Выраженное здесь такое яркое чувство восхищения Глинкой осталось у Листа до самого конца его жизни. Он никогда не пропускал ни одного случая выразить свою симпатию к созданиям Глинки и свое восхищение ими. Поэтому-то совершенно необъяснимы те порицательные суждения о Глинке, которые Серов приписывает Листу. Один раз он говорит, что Лист находил (в разговорах с ним) увертюру к «Руслану и Людмиле» чем-то сочиненным, деланным и многое там уступает увертюре «Жизни за царя»: «Ça sent l'exercice, c'est une oeuvre médiocre», будто бы говорил ему Лист («Музыка и театр», 1858, стр. 114); что тот же Лист находил интродукцию «Руслана» неудовлетворительною, потому что там слишком слышится все один и тот же тон (B-dur), и т. д. Все это подозрительно и невероятно. Серов — ну, тот изменился против того, чем прежде сам был, нападал на «Руслана» и отыскивал, где только мог, порицания ему; но не мог перемениться Лист, не мог перестать понимать то, что у Глинки было великого и гениального. Когда в 1879 году Л. И. Шестакова послала Листу напечатанную партитуру «Руслана», Лист очень благодарил и писал ей при этом (14 июня): «Ваш знаменитый брат Глинка занимает крупное место в поклонениях, очень разборчивых, моей молодости. С 1842 года его гений был мне известен, и в моем последнем концерте 1843 года я играл „Марш Черномора“ и блестящее переложение, Фольвейлером, некоторых мотивов „Руслана“. Глинка остается патриархом-пророком музыки в России».

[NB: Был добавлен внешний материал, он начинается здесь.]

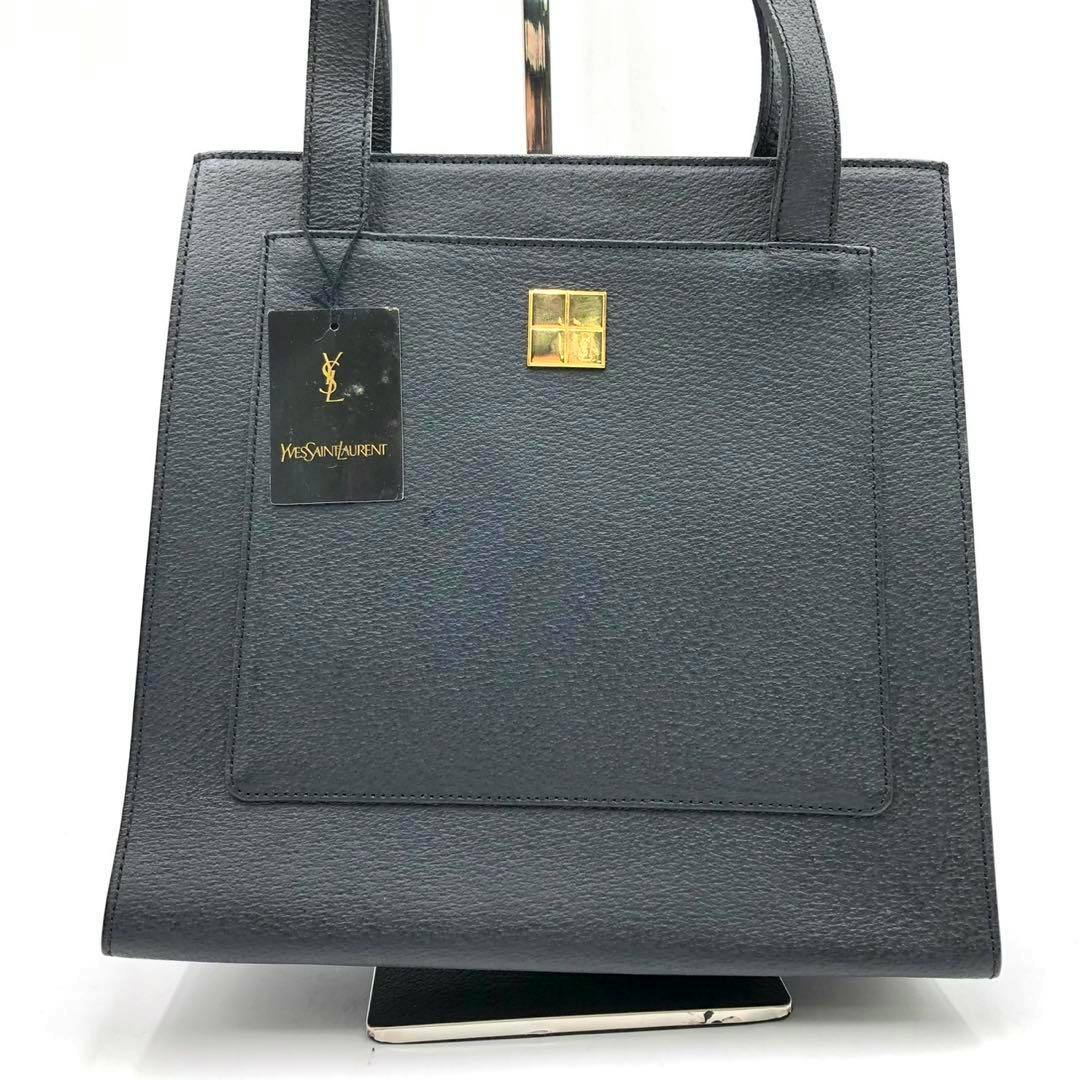 Front view of the black Yves Saint Laurent cow leather tote bag showing gold square hardware and a hanging YSL tag.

В высшей степени было вообще симпатично отношение Листа к Глинке. В 50-х и 60-х годах его собственное положение в Германии было шатко, непрочно; большинство немецкой публики не хотело его знать, не признавало его хоть сколько-нибудь заслуживающим внимания композитором. В письмах 1858 года он много раз говорит о всеобщих нападках на него, о непризнавании его, о постоянной неприязненности к нему повсюду (Anfeindungen die ich allerorts zu erleiden habe).[18] И что же? Вместо того, чтоб узко и эгоистично помышлять только о самом себе и своих выгодах, Лист никогда не переставал хлопотать о пропагандировании сочинений других современных музыкантов, и в том числе никому не известного в Германии, всем чуждого, далекого русского музыканта — Глинки. Тут явилось нечто совершенно противоположное Серову — зато и какая разница личностей, натур, талантов. От этого Лист чем дальше, тем меньше чувствовал приязни к Серову и его направлению и зато тем больше чувствовал симпатии, приязни, уважения к направлению, сочинениям и к судьбам новой русской музыкальной школы, которую Серов вовсе не понимал и старался изо всех сил преследовать. Лист верным глазом истинного художника видел, что эта школа — истинная наследница Глинки, идет по истинному национальному, оригинальному пути, и, конечно, по этому самому не признана и гонима в России, как прежде сам Глинка.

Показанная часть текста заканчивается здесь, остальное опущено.